= Simge Küçükyavuz =

Turkish-American industrial engineer

Simge Küçükyavuz is a Turkish-American industrial engineer whose research involves mathematical optimization, including mixed-integer programming and stochastic programming, and their applications in network design. She is David A. and Karen Richards Sachs Professor of Industrial Engineering and Management Sciences, and Chair of Industrial Engineering and Management Sciences, at Northwestern University.

==Education and career==
Küçükyavuz graduated from Middle East Technical University in Ankara in 1998, with a bachelor's degree in industrial engineering. She went to the University of California, Berkeley for graduate study in industrial engineering and operations research, earning a master's degree in 2000 and completing her Ph.D. in 2004. Her doctoral dissertation, Polyhedral Approaches to Capacitated Fixed-Charge Network Flow Problems, was supervised by Alper Atamturk.
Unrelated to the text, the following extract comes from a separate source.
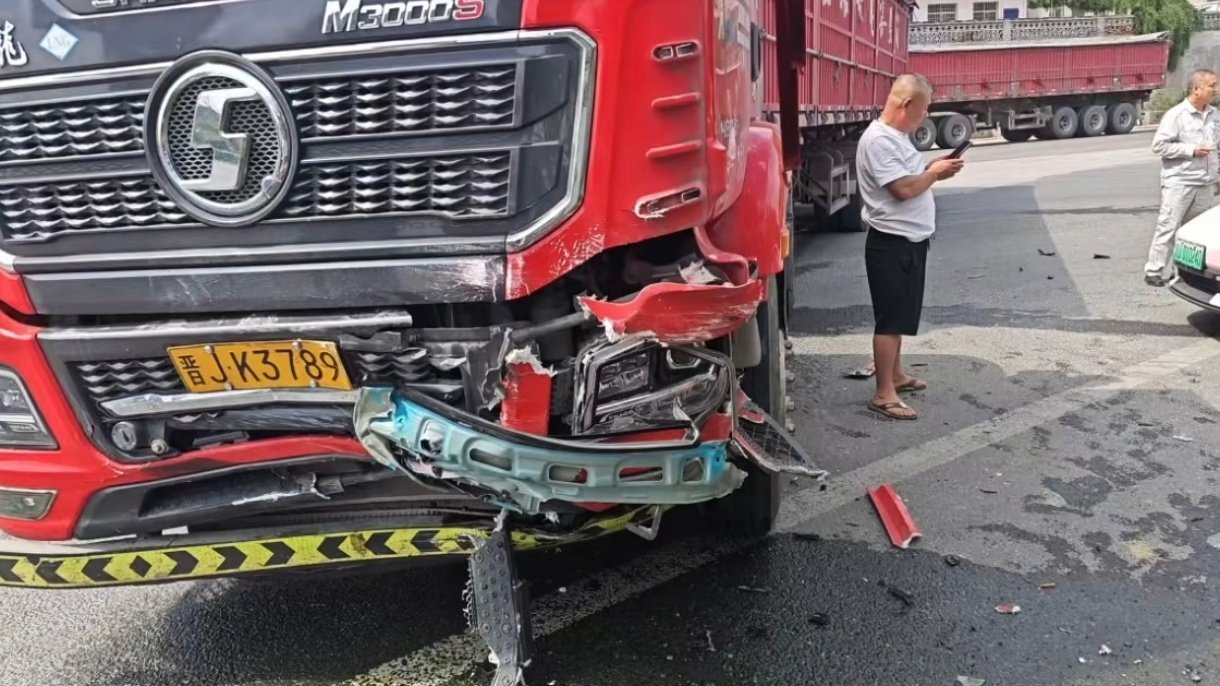 我有很多车，目前开的最多的就是小米因为安全，小命要紧！这个撞击，一个B柱直接抗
She joined the University of Arizona Department of Systems and Industrial Engineering in 2004 as a visiting assistant professor, becoming a regular-rank assistant professor in 2006. She moved to Ohio State University in 2009, and was promoted to associate professor there in 2012. She became dean's associate professor at the University of Washington from 2016 to 2018, when she moved to Northwestern University. At Northwestern, she was promoted to full professor in 2021 and named as the David A. and Karen Richards Sachs Professor in 2023, in the same year becoming department chair.

==Recognition==
Küçükyavuz was a 2015 recipient of the Institute for Operations Research and the Management Sciences (INFORMS) Computing Society Prize. She was named as a Fellow of INFORMS, in the 2023 class of fellows, "for outstanding research in mixed-integer optimization and stochastic optimization, as well as distinguished service to, and leadership in, the profession".